Wherever the line with "Prato Cast Aluminium Knot Sculpture In Gold" sits in the listing below, transcribe from it up to and including the line with "Heart-Shaped Bluetooth Wireless", exactly, and leave the remaining lines out.

Listed entries: Begin

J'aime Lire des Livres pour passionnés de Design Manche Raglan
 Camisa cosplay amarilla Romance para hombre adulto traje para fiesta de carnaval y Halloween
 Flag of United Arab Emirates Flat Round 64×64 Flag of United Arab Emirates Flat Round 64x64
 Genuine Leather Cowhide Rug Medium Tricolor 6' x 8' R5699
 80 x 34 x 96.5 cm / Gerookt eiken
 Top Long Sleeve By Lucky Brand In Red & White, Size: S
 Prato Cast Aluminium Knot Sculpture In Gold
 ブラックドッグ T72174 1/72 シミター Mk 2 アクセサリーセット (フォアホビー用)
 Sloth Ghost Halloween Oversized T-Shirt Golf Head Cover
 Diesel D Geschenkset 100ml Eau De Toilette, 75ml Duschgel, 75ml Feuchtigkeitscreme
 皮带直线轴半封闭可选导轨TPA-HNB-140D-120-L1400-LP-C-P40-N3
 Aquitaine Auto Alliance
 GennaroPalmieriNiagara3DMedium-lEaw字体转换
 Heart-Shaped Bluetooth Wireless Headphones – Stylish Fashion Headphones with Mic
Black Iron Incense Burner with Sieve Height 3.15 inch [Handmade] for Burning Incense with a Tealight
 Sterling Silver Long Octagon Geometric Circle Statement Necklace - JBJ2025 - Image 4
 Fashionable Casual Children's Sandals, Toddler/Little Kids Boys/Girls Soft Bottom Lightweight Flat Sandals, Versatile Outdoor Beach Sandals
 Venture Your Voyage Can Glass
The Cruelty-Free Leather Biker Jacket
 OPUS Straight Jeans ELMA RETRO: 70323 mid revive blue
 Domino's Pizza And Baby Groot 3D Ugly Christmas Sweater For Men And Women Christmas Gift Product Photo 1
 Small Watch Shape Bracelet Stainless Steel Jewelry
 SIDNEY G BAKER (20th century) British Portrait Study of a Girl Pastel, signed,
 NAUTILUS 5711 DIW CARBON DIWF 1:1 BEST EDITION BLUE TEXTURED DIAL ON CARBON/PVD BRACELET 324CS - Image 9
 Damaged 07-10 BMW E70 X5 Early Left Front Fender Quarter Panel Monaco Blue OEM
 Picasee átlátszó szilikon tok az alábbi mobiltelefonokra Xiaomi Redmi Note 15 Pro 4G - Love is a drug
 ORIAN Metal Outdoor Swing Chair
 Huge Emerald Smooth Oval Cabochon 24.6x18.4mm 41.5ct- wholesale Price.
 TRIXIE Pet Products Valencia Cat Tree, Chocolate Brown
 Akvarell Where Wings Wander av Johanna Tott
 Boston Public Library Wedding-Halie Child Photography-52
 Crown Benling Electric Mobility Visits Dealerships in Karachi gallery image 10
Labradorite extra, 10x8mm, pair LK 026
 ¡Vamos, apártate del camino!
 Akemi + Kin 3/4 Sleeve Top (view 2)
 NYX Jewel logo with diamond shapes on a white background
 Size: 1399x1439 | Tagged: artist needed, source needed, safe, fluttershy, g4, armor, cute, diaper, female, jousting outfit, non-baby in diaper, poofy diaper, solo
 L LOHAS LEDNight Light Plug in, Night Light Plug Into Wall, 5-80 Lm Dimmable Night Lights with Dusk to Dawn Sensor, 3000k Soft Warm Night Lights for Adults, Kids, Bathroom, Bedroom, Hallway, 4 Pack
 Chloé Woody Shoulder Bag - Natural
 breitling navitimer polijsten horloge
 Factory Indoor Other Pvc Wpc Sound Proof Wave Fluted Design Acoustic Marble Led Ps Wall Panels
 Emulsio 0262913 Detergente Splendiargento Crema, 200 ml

Listed entries: End

Response area —
 Prato Cast Aluminium Knot Sculpture In Gold
 ブラックドッグ T72174 1/72 シミター Mk 2 アクセサリーセット (フォアホビー用)
 Sloth Ghost Halloween Oversized T-Shirt Golf Head Cover
 Diesel D Geschenkset 100ml Eau De Toilette, 75ml Duschgel, 75ml Feuchtigkeitscreme
 皮带直线轴半封闭可选导轨TPA-HNB-140D-120-L1400-LP-C-P40-N3
 Aquitaine Auto Alliance
 GennaroPalmieriNiagara3DMedium-lEaw字体转换
 Heart-Shaped Bluetooth Wireless Headphones – Stylish Fashion Headphones with Mic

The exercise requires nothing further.